When you get involved in politics in my little town you might find yourself facing situations that can only be described as colorful. When I ran for Sierra Madre's City Council in 2010, a race that I finished in 6th place out of a field of 7, the fact that I was the local blogger did sit heavily upon my campaign. I became responsible for every politically incorrect comment and perceived slight ever posted on my website, many of which grew in the retelling. Which is fine, all is fair as they say.
But the election campaign frenzy to find examples of my bloggly crimes did go a little over the top at times. The woman responsible for our woefully inept weekly newspaper published an entire editorial claiming I'd been reported to the police twice for going through peoples' garbage cans to find "secrets." Imagine my relief when I checked with the PD and found no such reports had been filed. Then there was another local newsy who solemnly swore that among my first official acts if elected would be to "outsource the Fire Department." Something that would have been a neat trick since Sierra Madre's fire department is a volunteer one.
However, it was during the 2012 City Council election here, which I did not run in, that things got really wild. Apparently my role as emcee of the more widely read news source in town was a point of concern for some, and an effort was made to silence my insistent voice lest certain unworthy candidates suffer some form of the kinds of criticism I had bravely faced two years earlier. I swear I left the trash cans out of it.

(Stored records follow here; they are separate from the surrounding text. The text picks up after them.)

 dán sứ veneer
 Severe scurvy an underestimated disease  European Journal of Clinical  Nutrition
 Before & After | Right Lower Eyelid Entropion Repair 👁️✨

Apparently a mysterious gentleman writing under the name of Lady Elizabeth Wistar took it upon himself to rally the faithful against my scourge of a news site. Using imagery that included unicorns, lavender clad fairies, rainbows, flowers and glittering clouds of pixie dust, Lady Wistar started a blog, several Facebook pages, a Twitter account and the Lord knows what else, all in an effort to portray me as being both insensitive and unfair to his (or was it her) preferred politicians.

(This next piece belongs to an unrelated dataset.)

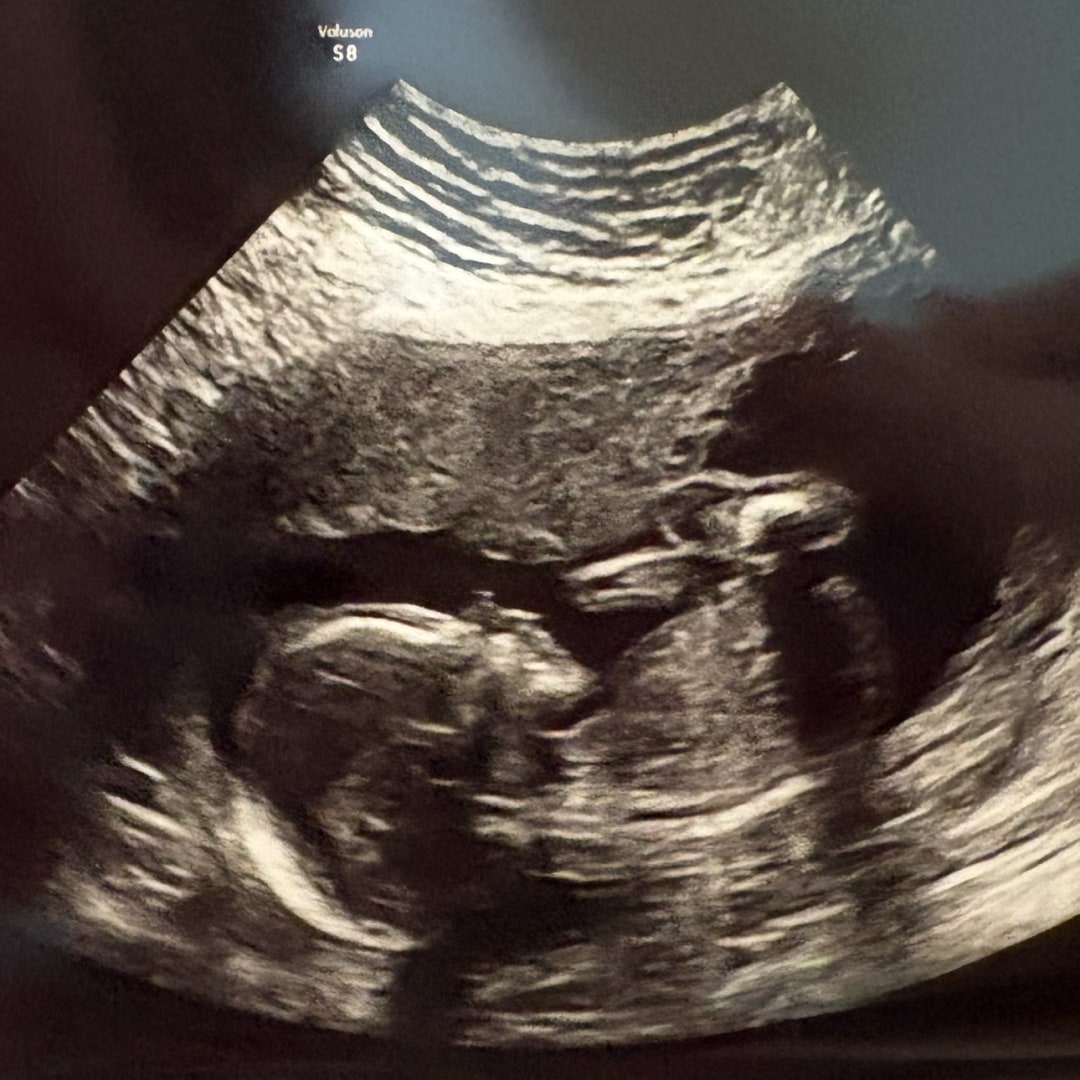 Photo shared by Lexie for their Babylist baby registry.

Where it got rather surreal was in Ms. Wistar's placing of my gentle self upon a national website dedicated to exposing people for obstreperous internet behavior. My crime being that I had bullied candidates and elected officials. Which, if true, would mean that every newspaper, cable news channel and radio station that ever talked smack about a pol would need to also be labeled bullies. Think of the First Amendment implications.
A week or so back I got an email from the FBI of all people, and it turns out that they've been looking into that national website I'd been parked on by Lady Wistar. Apparently I am a victim, and they wanted to hear from me about my experiences. It turns out that the guy running that operation had an entire series of websites dedicated to helping individuals anonymously pillory those they don't like. With names such as "stdcarriers.com," "illegalalienreport.com" and (ironically) "cyberbullyingreport.com," you can imagine that nobody would much enjoy discovering themselves on any of them.

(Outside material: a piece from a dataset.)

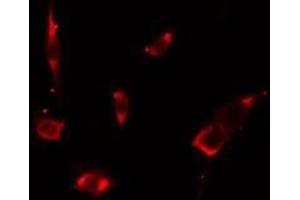 ABIN6275670 staining LOVO cells by IF/ICC. (VPS26B 抗体  (Internal Region))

I know I didn't, and last March I had emailed the guy running these sites to explain the politically inspired impetus behind my having been placed there. I also requested that this libelous "report" be taken down. My request was scoffed at. However, this person did offer to have the matter taken care of, but only if I agreed to purchase a $600 "reputation protection package." Which, as I am certain you have surmised, was an attempt at extortion. That being the reason for the FBI's interest.
Like I said, when you get involved in Sierra Madre politics, you might find yourself in situations that can only be described as colorful. Who knows, maybe I should run again in 2014.